- EXERCISE GOAL
In this exercise, print only the lines from the line with "mömax Esstisch 'WL5.042'" to the last line of the data below, inclusive. Any pictures should be left out.

Top of TASK DATA

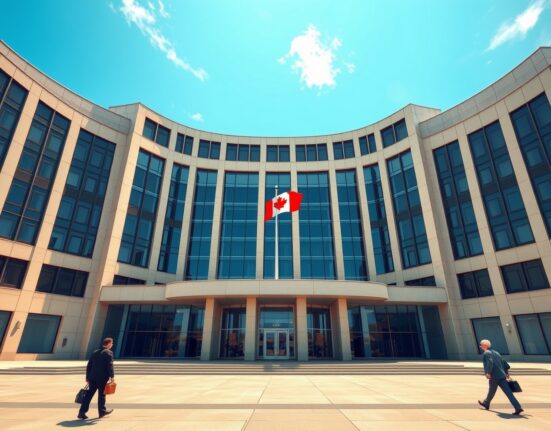 Bank of Canada headquarters in Ottawa signaling monetary policy decisions on interest rates and inflation targets.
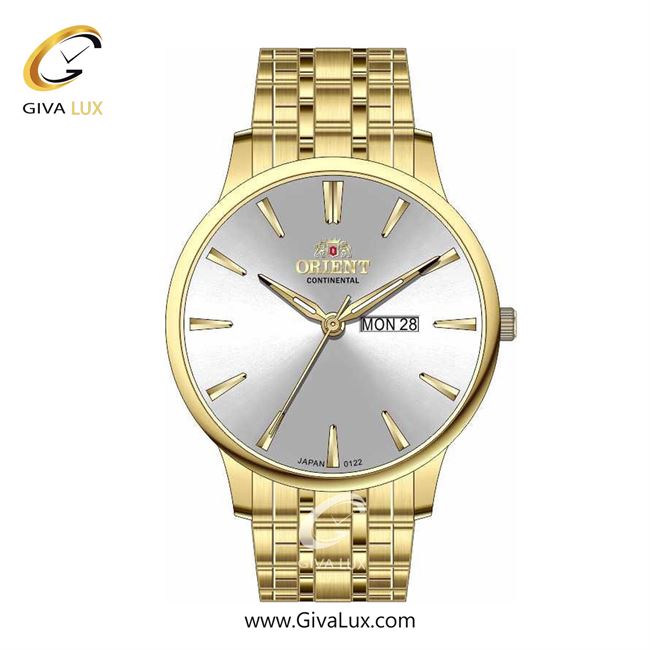 ساعت مچی اورجینال مردانه اورینت (کانتیننتال) | Orient (Continental) طلایی | طلایی| نقره ای| کد رفرنس 122
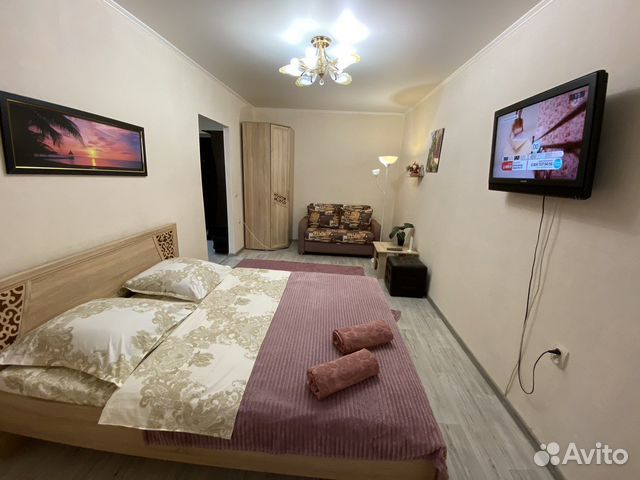 

1-к. квартира, 32 м², 2 кровати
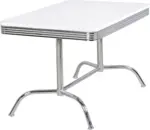 mömax Esstisch 'WL5.042' , ca 120x80x76 cm , weiss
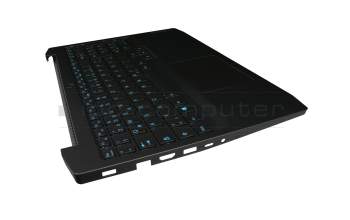 5CB0Z33221 original Lenovo keyboard incl. topcase DE (german) black/black with backlight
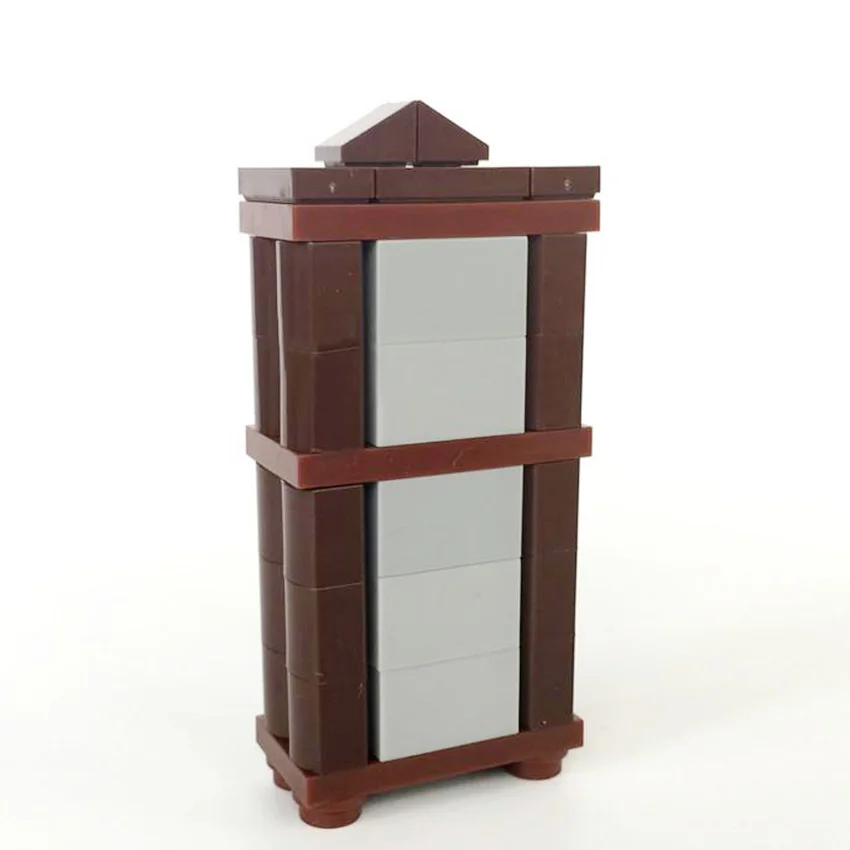 Legoinglys City Home Series MOC Accessories Retro Clock Pendulum Clocks Block Building Blocks Bricks DIY Kits Toys For Children (2)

Bottom of TASK DATA

- ANSWER BELOW
 mömax Esstisch 'WL5.042' , ca 120x80x76 cm , weiss
 5CB0Z33221 original Lenovo keyboard incl. topcase DE (german) black/black with backlight
 Legoinglys City Home Series MOC Accessories Retro Clock Pendulum Clocks Block Building Blocks Bricks DIY Kits Toys For Children (2)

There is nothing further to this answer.